(Captioned web images)
########################################

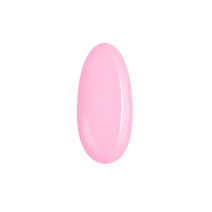 Neonail gél lak - Pink Puding 7,2ml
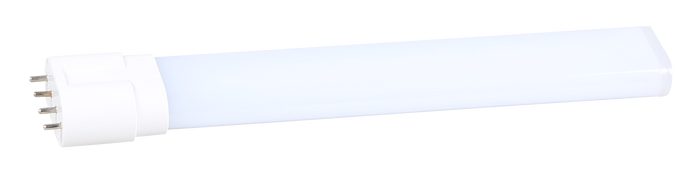 Bell 04328 - 8W LED Linear 4 Pin - 2G11, 4000K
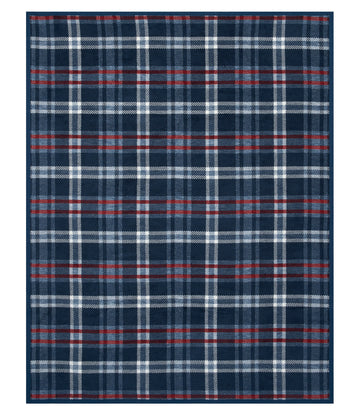 Quinn Plaid Blanket5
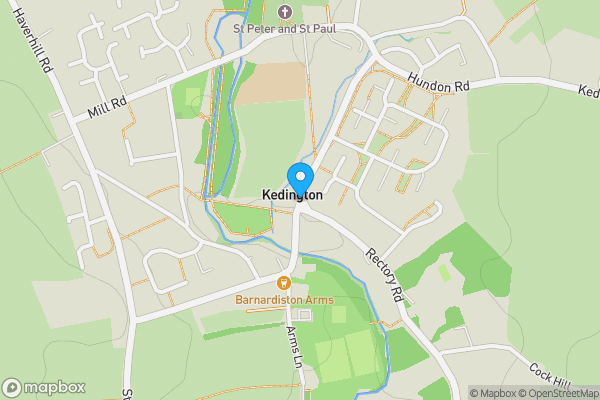 Auction Properties in Kedington|propertyauctions.io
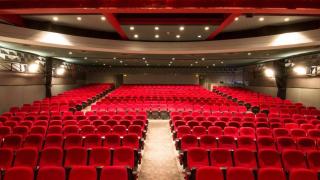 Barcelona recupera uno de los teatros más queridos de Las Ramblas, el Club Capitol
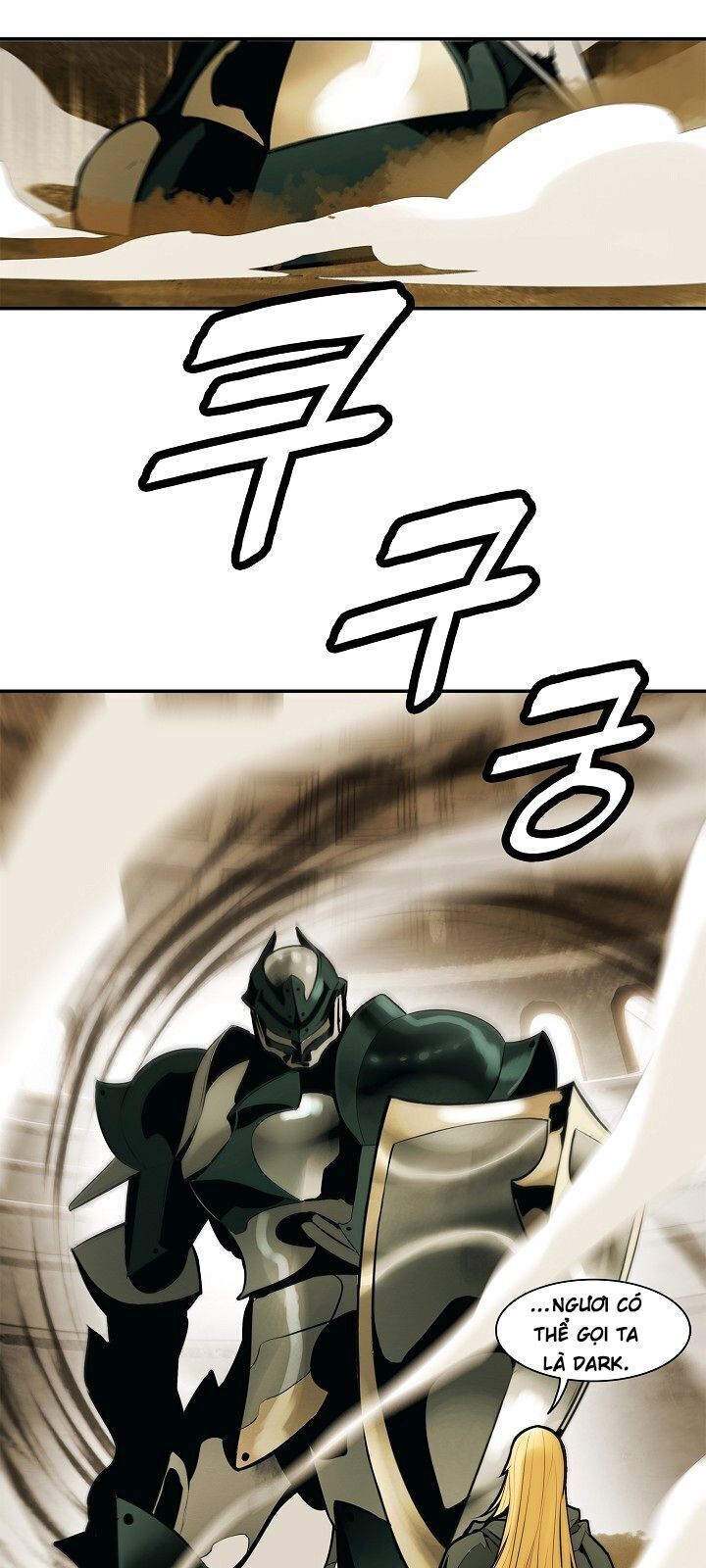 đọc truyện Bất Bại Chân Ma Chương 69 ảnh 43 tại Thiên Thai Truyện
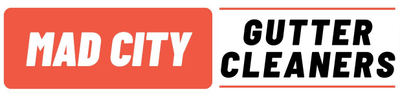Mad City Gutter Cleaners logo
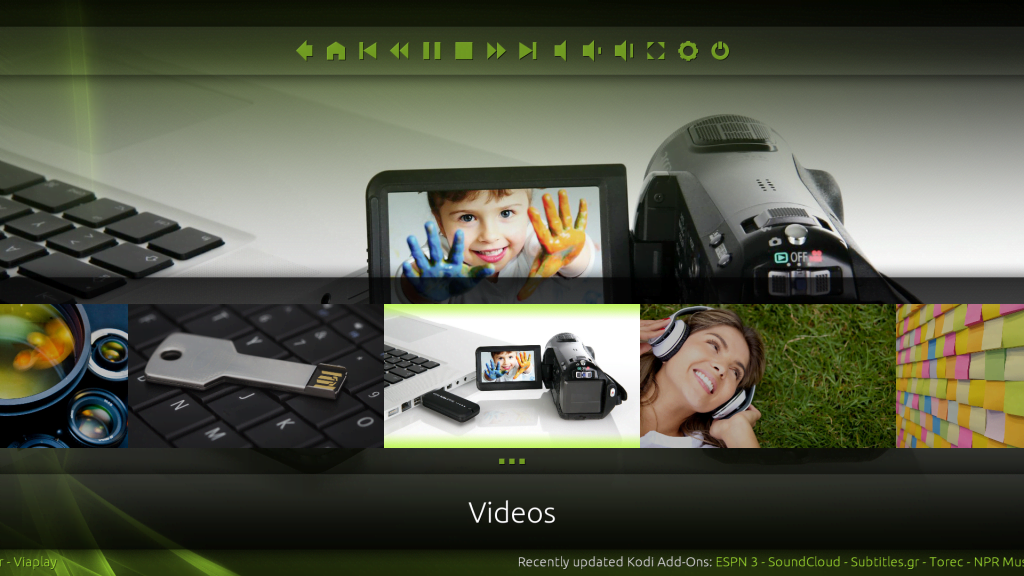 pic-3-chroma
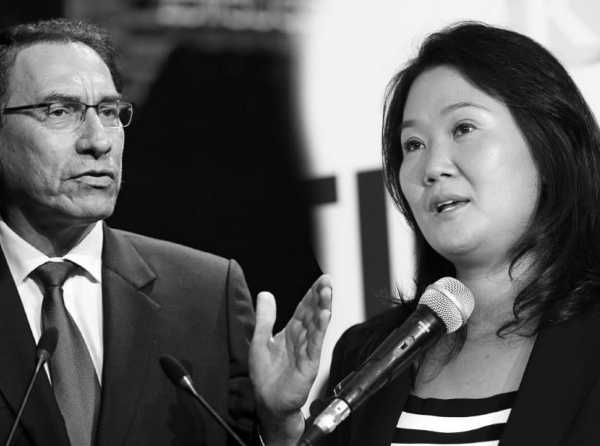 De vuelta a la normalidad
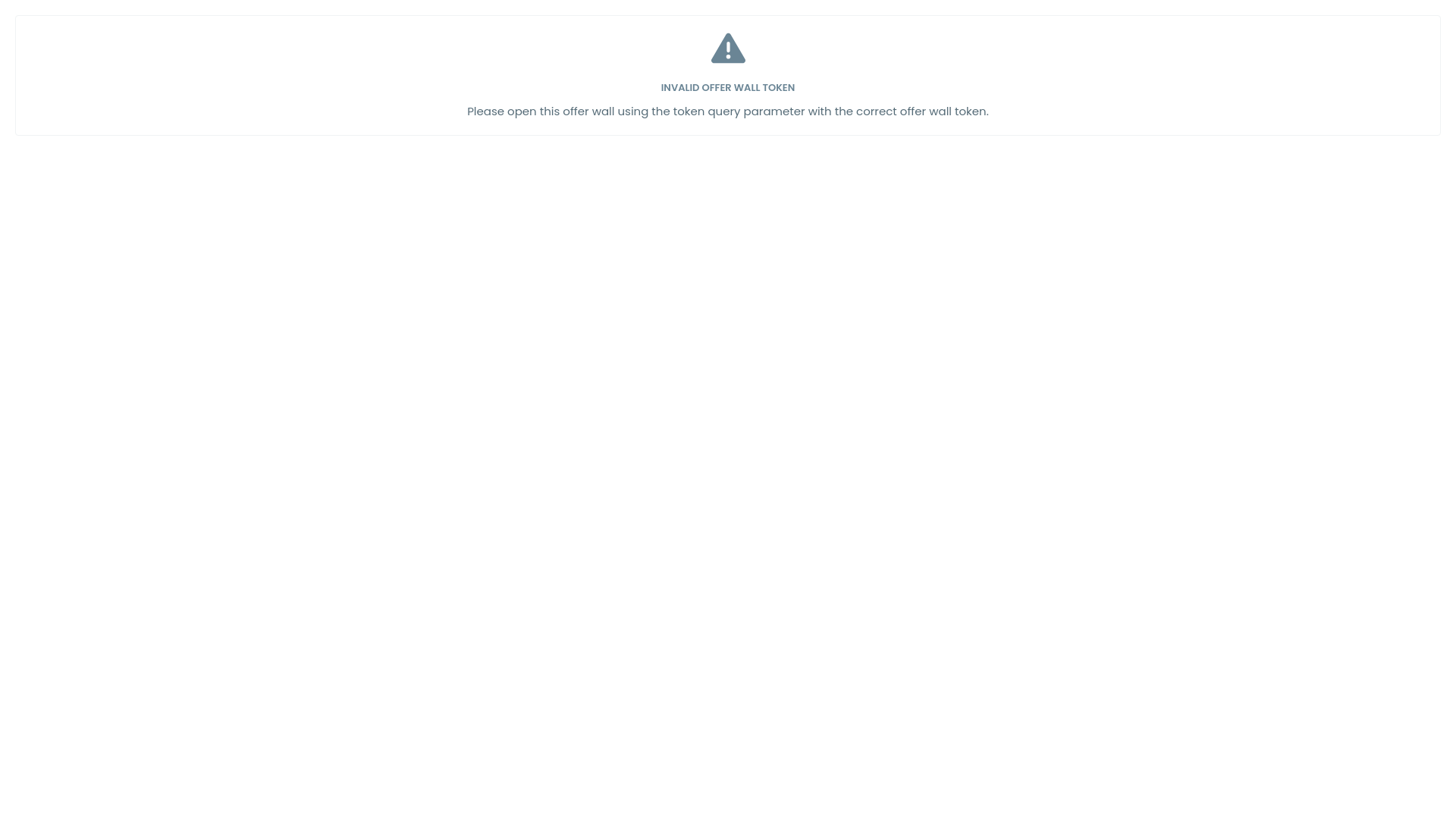 website screenshot of https://deal-safari.com/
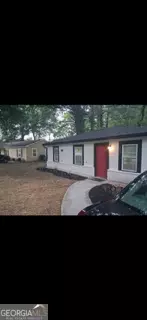 817 Ayrshire Cir NW, Atlanta, GA 30318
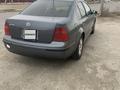 Volkswagen Jetta 2003 годаүшін2 750 000 тг. в Атырау – фото 5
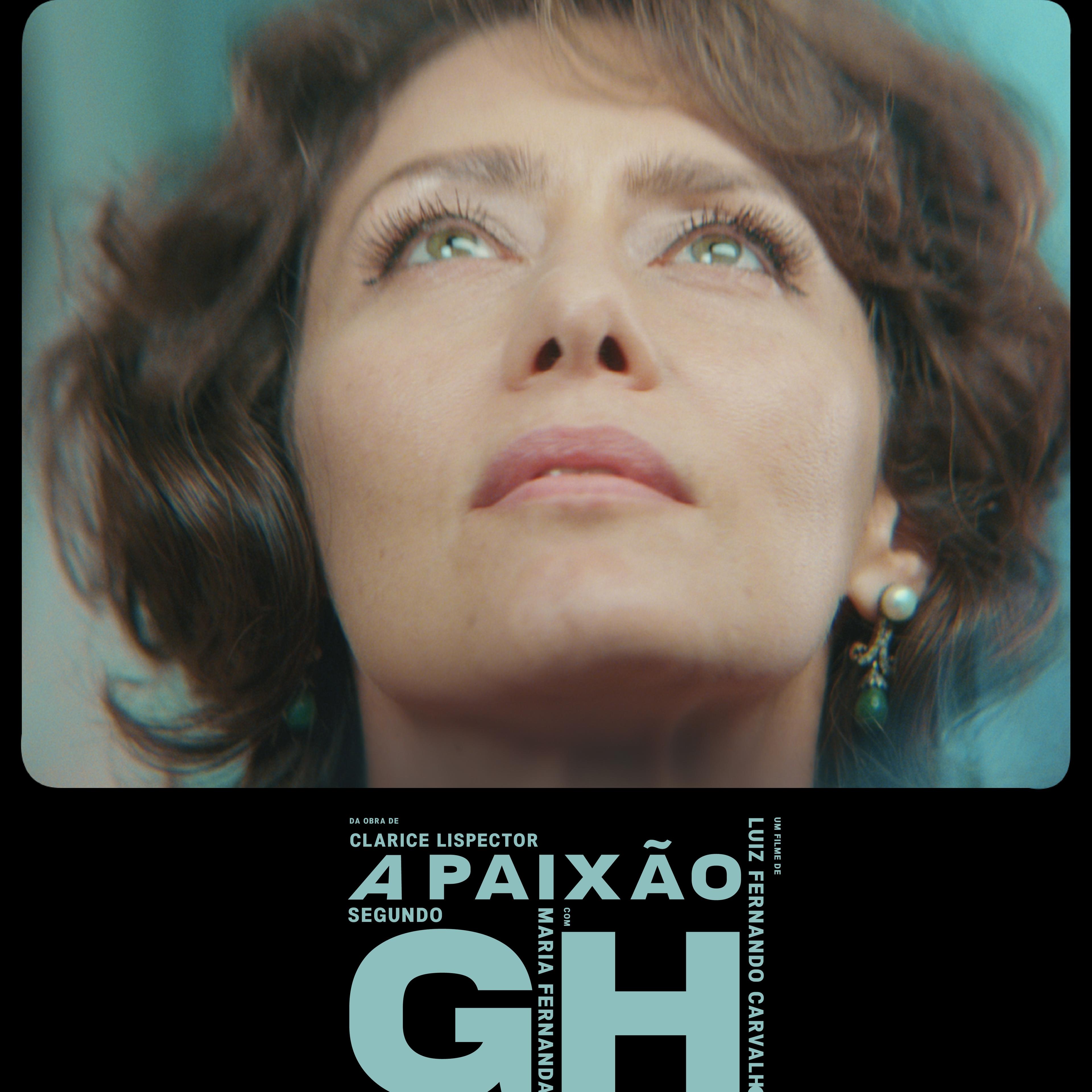 Slika za LusoLivro: Ciklus filmova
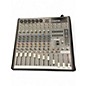 Used Mackie PROFX12 Unpowered Mixer thumbnail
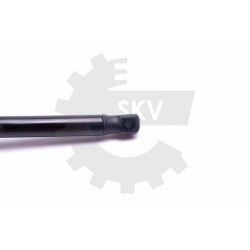 HÁTSÓ AJTÓ MŰKÖDTETŐ JEEP PATRIOT (MK74) 5054353AB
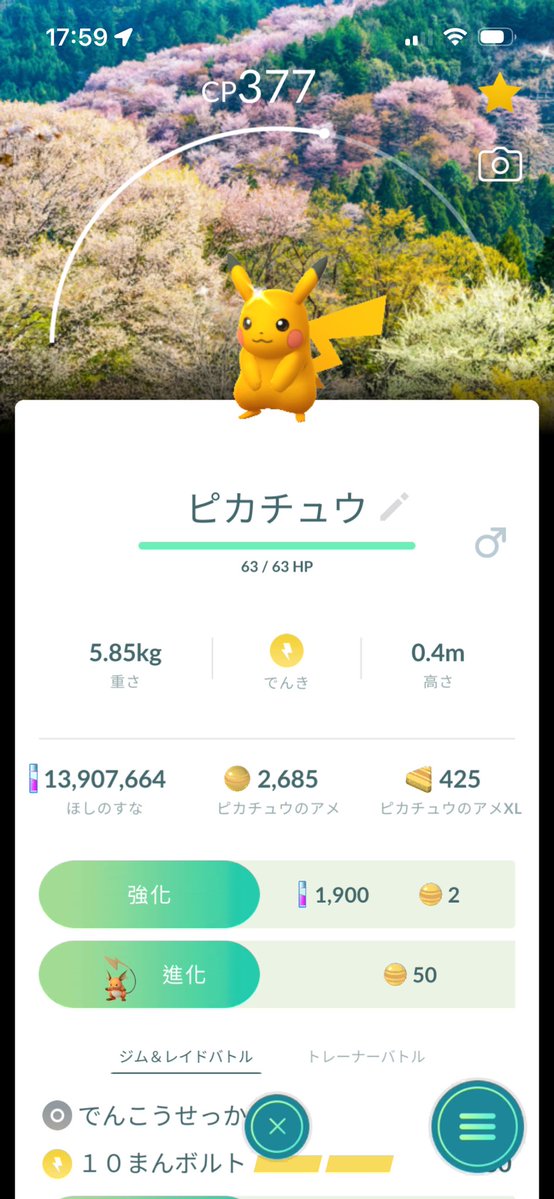 かず tweet media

########################################

> EXERCISE GOAL:
The lines from the one with "HÁTSÓ AJTÓ MŰKÖDTETŐ" to the end of the data above should be retyped exactly, both ends included, and pictures are to be left out.

> EXERCISE RESPONSE:
 HÁTSÓ AJTÓ MŰKÖDTETŐ JEEP PATRIOT (MK74) 5054353AB
 かず tweet media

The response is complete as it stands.